Tenant’s economic obligations under this Section 24.1.B. shall survive the termination of this Lease. Said amount shall be due and payable by Tenant immediately upon demand by Landlord.

24.2 Termination of Possession.

A. Landlord shall have the right, at its election, to terminate Tenant’s right of possession only, without terminating this Lease, on a date specified in a notice from Landlord to Tenant, and on such date, all rights of Tenant with respect to possession of the Premises shall expire. Upon such date, Landlord may, at its option, repossess the Premises pursuant to the provisions of Section 24.3, without terminating this Lease or releasing Tenant, in whole or in part, from any of Tenant’s obligations hereunder, including the payment of Rent hereunder for the full Term.

B. Landlord will make a reasonable attempt to relet all or any part of the Premises for such rent and upon terms satisfactory to Landlord. If Landlord does not relet the Premises, Tenant will periodically pay Landlord when due all Rent and other amounts due from Tenant to Landlord under this Lease for the remainder of the Lease Term. If the Premises are relet and a sufficient sum is not realized from such reletting (after paying all of the reletting costs and the collection of the rental accruing therefrom) to satisfy the Rent for the remainder of the Lease Term, Tenant will be liable for the difference in Rent and shall pay same upon demand to Landlord. Tenant agrees that Landlord may commence successive actions to recover any sums falling due under the terms of this Section 24.2.B., or may, upon such reletting, terminate this Lease pursuant to Section 24.1 and proceed against Tenant in one action for liquidated damages thereunder. Landlord shall not be liable or responsible for failure to relet the Premises, or if the Premises are relet, for failure to collect the rent thereof under such reletting.

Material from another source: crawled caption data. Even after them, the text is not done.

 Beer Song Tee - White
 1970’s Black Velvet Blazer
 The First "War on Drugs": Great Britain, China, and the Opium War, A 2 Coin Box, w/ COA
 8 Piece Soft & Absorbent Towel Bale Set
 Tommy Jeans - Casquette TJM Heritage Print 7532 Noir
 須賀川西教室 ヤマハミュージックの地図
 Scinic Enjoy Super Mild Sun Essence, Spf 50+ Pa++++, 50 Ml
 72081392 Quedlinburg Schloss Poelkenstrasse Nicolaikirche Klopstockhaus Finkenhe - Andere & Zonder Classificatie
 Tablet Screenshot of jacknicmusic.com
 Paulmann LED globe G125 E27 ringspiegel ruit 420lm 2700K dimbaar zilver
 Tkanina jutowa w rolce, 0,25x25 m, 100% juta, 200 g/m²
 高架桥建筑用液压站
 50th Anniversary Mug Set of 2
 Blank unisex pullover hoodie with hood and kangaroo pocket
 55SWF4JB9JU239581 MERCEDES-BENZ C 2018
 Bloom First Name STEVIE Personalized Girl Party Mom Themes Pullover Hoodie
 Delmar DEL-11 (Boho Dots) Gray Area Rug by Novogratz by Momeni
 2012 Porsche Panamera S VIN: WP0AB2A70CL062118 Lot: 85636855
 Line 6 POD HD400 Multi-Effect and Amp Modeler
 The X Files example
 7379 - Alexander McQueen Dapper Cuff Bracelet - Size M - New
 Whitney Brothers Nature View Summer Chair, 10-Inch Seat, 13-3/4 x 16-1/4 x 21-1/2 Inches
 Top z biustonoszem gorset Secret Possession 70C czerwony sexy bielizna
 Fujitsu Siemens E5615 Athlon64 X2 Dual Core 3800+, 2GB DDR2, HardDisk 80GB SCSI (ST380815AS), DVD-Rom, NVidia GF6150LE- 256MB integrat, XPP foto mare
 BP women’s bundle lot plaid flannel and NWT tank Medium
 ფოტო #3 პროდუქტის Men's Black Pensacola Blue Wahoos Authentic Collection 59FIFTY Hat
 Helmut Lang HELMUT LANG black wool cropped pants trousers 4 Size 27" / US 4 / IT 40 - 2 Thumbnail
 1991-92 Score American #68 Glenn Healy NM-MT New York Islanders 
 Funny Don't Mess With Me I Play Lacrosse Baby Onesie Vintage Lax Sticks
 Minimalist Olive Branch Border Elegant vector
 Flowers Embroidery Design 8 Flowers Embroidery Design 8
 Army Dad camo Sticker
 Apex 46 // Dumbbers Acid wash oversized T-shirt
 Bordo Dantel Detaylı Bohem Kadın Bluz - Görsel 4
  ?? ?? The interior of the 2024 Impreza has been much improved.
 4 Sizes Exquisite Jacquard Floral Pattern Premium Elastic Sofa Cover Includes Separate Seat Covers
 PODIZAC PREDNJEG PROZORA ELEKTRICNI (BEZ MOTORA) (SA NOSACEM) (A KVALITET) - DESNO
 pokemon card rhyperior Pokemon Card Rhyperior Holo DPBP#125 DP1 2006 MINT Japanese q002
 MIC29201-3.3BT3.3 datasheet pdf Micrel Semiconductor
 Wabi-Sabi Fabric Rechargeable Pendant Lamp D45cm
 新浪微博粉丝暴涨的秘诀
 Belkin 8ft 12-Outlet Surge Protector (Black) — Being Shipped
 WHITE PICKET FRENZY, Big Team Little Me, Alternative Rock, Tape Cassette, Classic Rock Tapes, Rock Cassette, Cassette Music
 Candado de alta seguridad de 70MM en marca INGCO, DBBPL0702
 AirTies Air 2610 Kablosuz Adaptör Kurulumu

24.3 Repossession of Premises. Upon termination of this Lease or upon termination of Tenant’s possession, Landlord may peacefully reenter the Premises in accordance with applicable Laws and remove all persons, fixtures, chattels, signs, and other evidence of tenancy therefrom and Landlord will not be liable for any damages resulting therefrom unless caused by Landlord’s negligence or willful misconduct. Upon such repossession, Landlord may again have and enjoy the same as if this Lease had not been made, and in any such event, neither Tenant nor any person claiming through or under Tenant shall be entitled to possession of the Premises, but shall immediately quit and surrender the Premises. Tenant shall pay to Landlord, upon demand, any and all expenses incurred in such removal and all storage charges for such property so long as the same shall be in Landlord’s possession or under Landlord’s control. Landlord may thereafter, for the purpose of reletting the Premises at its option under Section 24.1, or as such attempt is required under Section 24.2, make any repairs, changes, alterations or additions in or to the Premises and incur reasonable reletting costs as may be necessary, in Landlord’s sole reasonable discretion.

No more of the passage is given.